The structure is not that different, though notice selected result “age” is different.
Mousing over the round node shows:
Show the output will be staff.age’s and the “…” means any staff ages, however the constraint is shown by the other column. While ages are output, it is only the ages of staff with number of kids equalling 2.
Moving down the tree we the parts of the computation shown, as before.
Now to get more interesting!
So far we have been considering a very simple constraint. Normally they are far more complicated. Let’s try and find the age of staff with 2 children, earning 30000 and with only one car.
Unlike common tools to play with a query like this, you’d need to build an example database with a good range of different individuals in it to show the effect of what you are illustrating. What it more, for students to understand query responses, they’d have to understand the data they are querying (in order to validate the responses!)
So, let’s try:
SELECT age FROM staff WHERE numberofkids = 2 AND salary = 30000 and cars = 1
The result shows the three conditions and the required output.
As we move down the tree we can see each condition involved:
And their composition in higher nodes:
Still not too complex, now let’s try and negate the entire condition (finding the age of people who do not have two children, do not earn 30000 and do not have one car).
We can do this by putting a not around the WHERE condition. (Notice that we have to use brackets)
SELECT age FROM staff WHERE not( numberofkids = 2 AND salary = 30000 and cars = 1 )

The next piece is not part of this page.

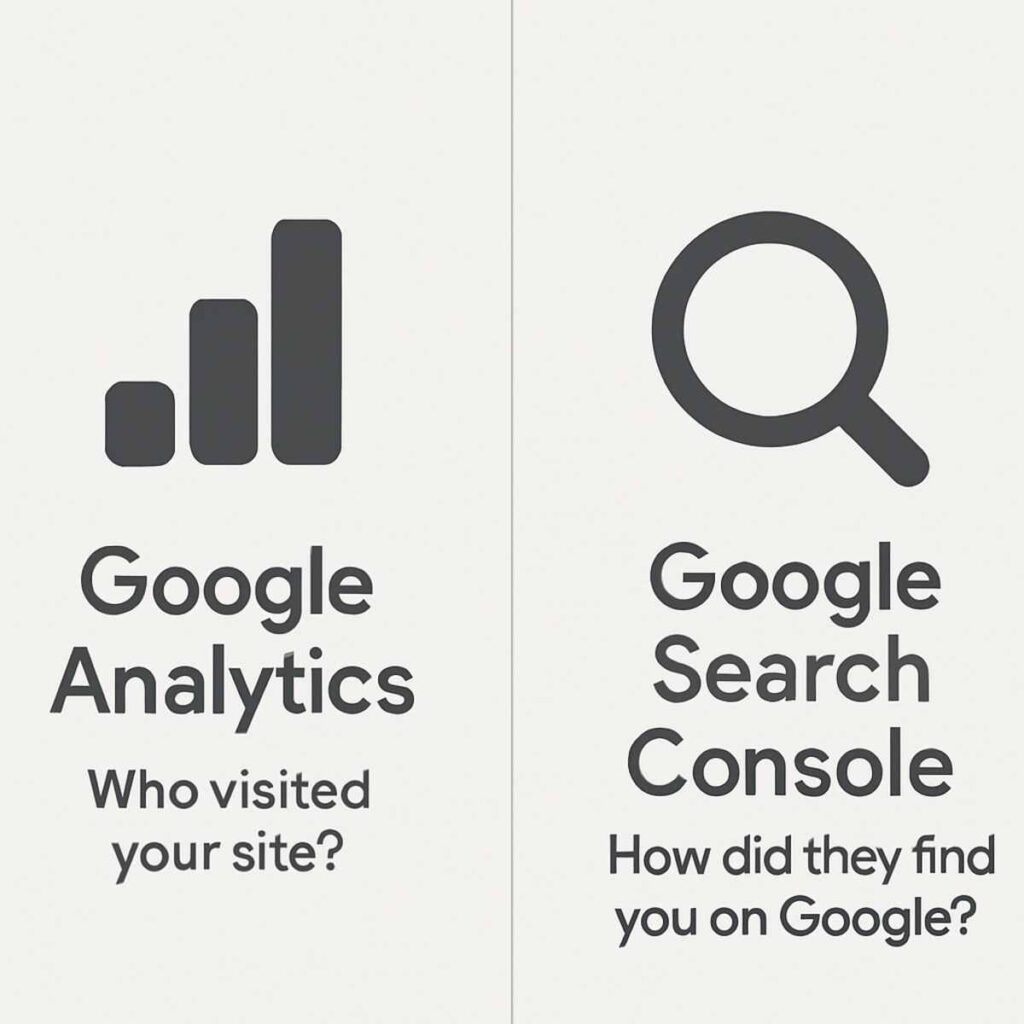 SEO course Malaysia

The visualisation looks fine, but the BRIQ at the top is quite different now.
Well the red section (the things excluded) is now more extensive, it shows all the permutations of values excluded from the results. The results that are not excluded are ones where there may be NULLs. So an age may be shown for someone for whom we have no record of their salary and no record of their car, provided they do have a number of kids recorded and it is not 2.
Moving to lower nodes down the tree you can see the BRIQs show the conditions before the not changes the answer so much.
Another are of confusion and requiring support is expressions where there are combined alternatives. Humans are great a seeing what’s intended and computers are not. So, imagine staff days sick were recorded and we had data on how far they commuted and whether they benefit from the cycle to work scheme.
Imagine, we are interested in finding those who have been off ill over a month or cycle to work and commute more than 50 miles. Something like this:
SELECT name FROM staff WHERE daysoff = 30 OR cycle=1 AND commute=50
The structure shows the potential issue with queries like this, did we mean people who commute 50 and cycle and have been off, or did we mean people who cycle and commute 50 and also those who have had days off. There is room for confusion … there a precedence between “and” and “or” and we also use our common sense. (People are unlikely to cycle 50 miles for work!)
However, the tree shows what SQL will do with the problem. It does assume people will cycle commuting 50 miles!
Mousing over exposes the SQL logic:
For a learner to appreciate the correctness or otherwise of such a query is very hard to do. The closest tutors may get is composing their own data set covering every possible case and letting users find if the query response is as intended.